Hunger is a major issue both at home and abroad. Nationally, there are 49 million people who are "food insecure." Food stamps have been reduced by Congress placing a great strain on the Feeding America network.
Globally, there are 842 million people who suffer from hunger. Wars in Syria, Iraq, South Sudan, Central African Republic and other regions have escalated hunger dramatically.
Recognizing the need for greater participation to solve this massive crisis, Walsh University is hosting a Hunger Dialogue on September 26-27. The goal of the Dialogue is "to seek solutions to domestic and global hunger through the teaching, research, and service activities of Ohio’s colleges and universities."
Ambassador Tony Hall, a former Congressman, will be the keynote speaker. Hall is currently the Executive Director of the Alliance to End Hunger in Washington, DC.
Walsh University's Office of Global Learning and Service Learning, along with the Ohio Campus Contact, are sponsoring the event. Ohio will be the third state to host a hunger dialogue among educators.
A video contest is also being offered to Ohio students to show how their campus is fighting hunger. The contest prize is a $ 1,000 award and a trip to Washington, D.C. for an advocacy day with Ambassador Hall. Details of the contest are available at the Walsh web site.
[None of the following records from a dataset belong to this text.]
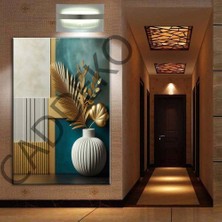 Caddeko Vazo ve Çiçek Kanvas Tablo DKMR331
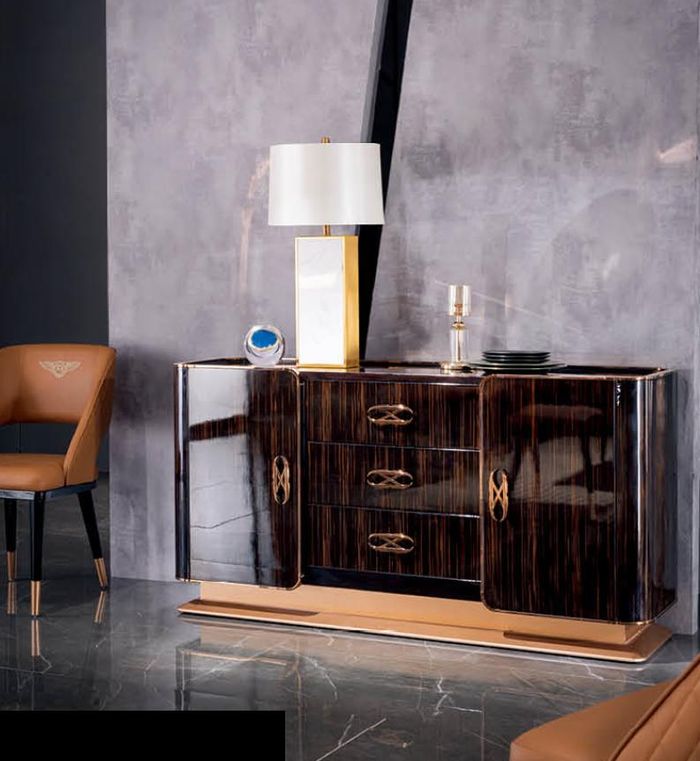 Moderne Holz Kommode Sideboard Kommoden 160cm XXL Low Boards Wohnzimmerschrank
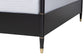 Baxton Studio Tamra King Four-Poster Bedroom Set – Black Wood Bed with Matching Dresser, Chest & Nightstands FredCo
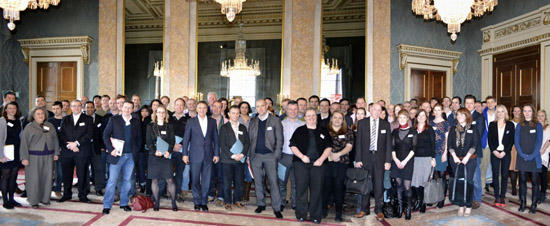 Delegates at Fishmongers Hall in London - venue for the Sustainable Fish Forum 2012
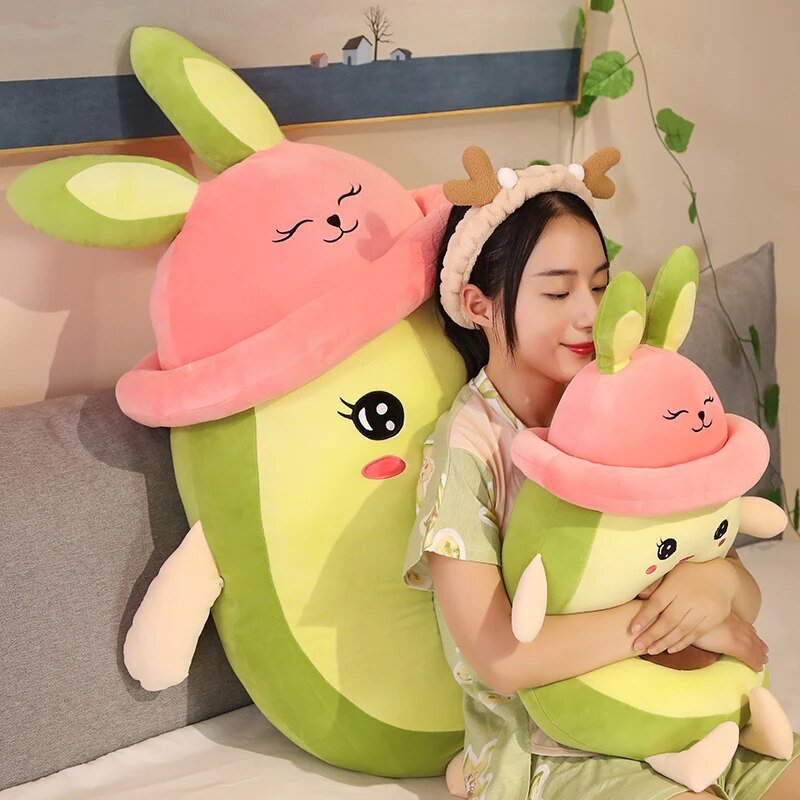 Plushie Jumbo Rabbit Avocado with Pink Hat, 31" | 80 cm — image 4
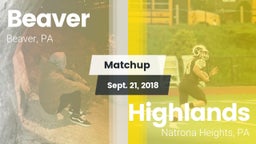 Matchup: Beaver vs. Highlands  2018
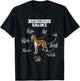 Anatomy Of A Saluki Dog Funny Dog Lover Gift T-Shirt - T-Shirt | Black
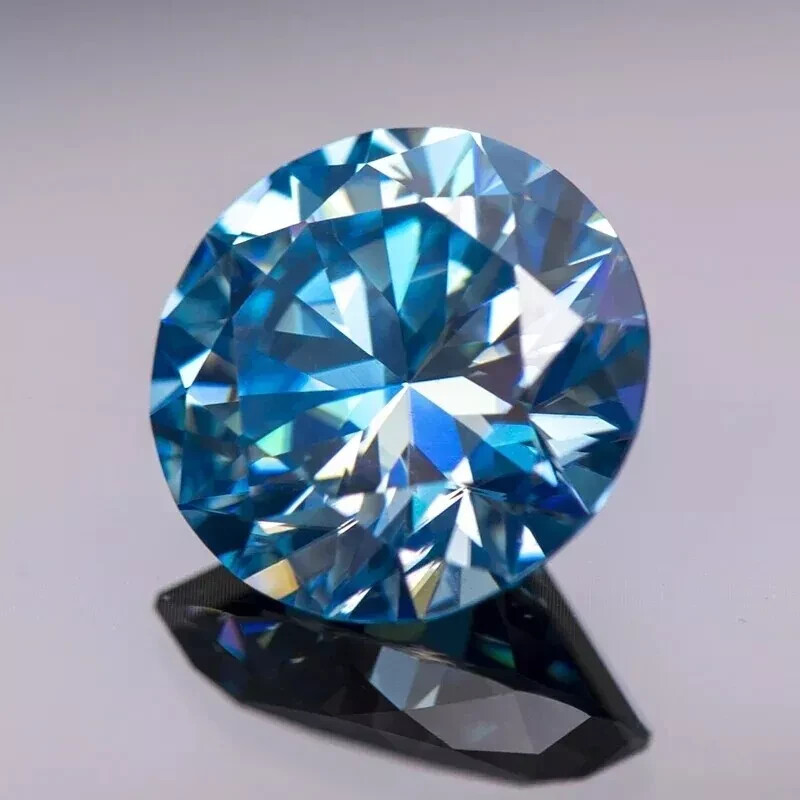 3 CT Natural Blue Diamond Round Cut VVS1 D Grade IDGL Certified 1 Free Gift ED8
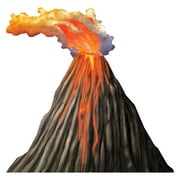 Beistle Luau Volcano Stand Up Decoration - 3.5' - Gray and Orange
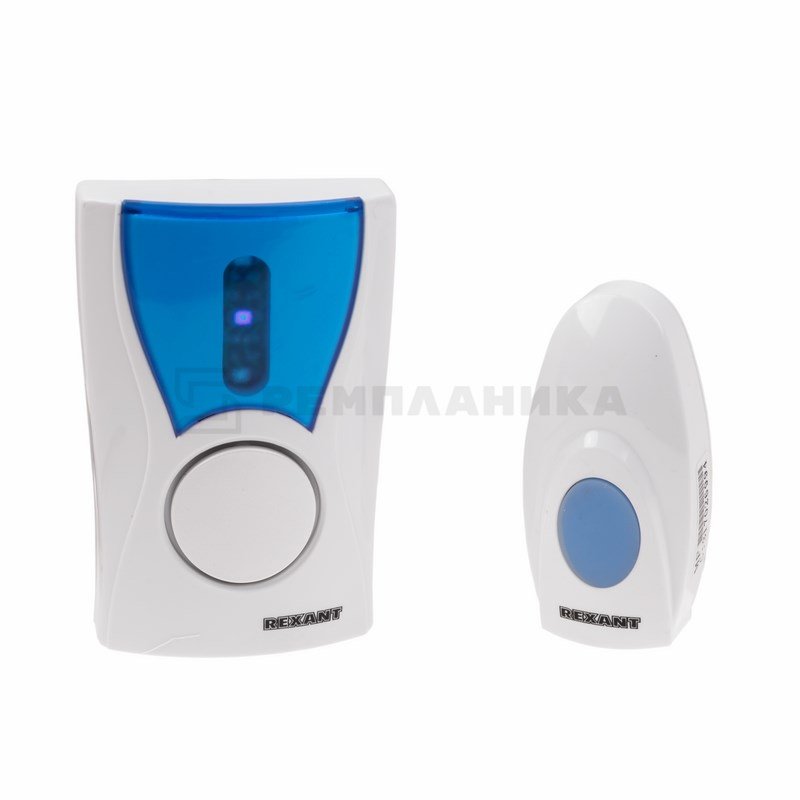73-0060 Беспроводной дверной звонок 220 вольт кнопка IP 44 REXANT RX-6  в Муроме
It's vitally important that colleges and universities obtain greater involvement in hunger issues. There is strength in numbers. Campuses offer a great platform for learning about hunger, but also organizing and taking action. Mount. St. Joseph University of Ohio was profiled earlier this year by the UN World Food Programme on ways to increase participation in fighting hunger.
As Walsh University points out, hunger hits close to home. Ohio has one of the highest hunger rates in the country. Yet, hunger could be drastically reduced if there were greater political will. That is where advocacy and action generated by colleges and universities can play such a large role in ending hunger.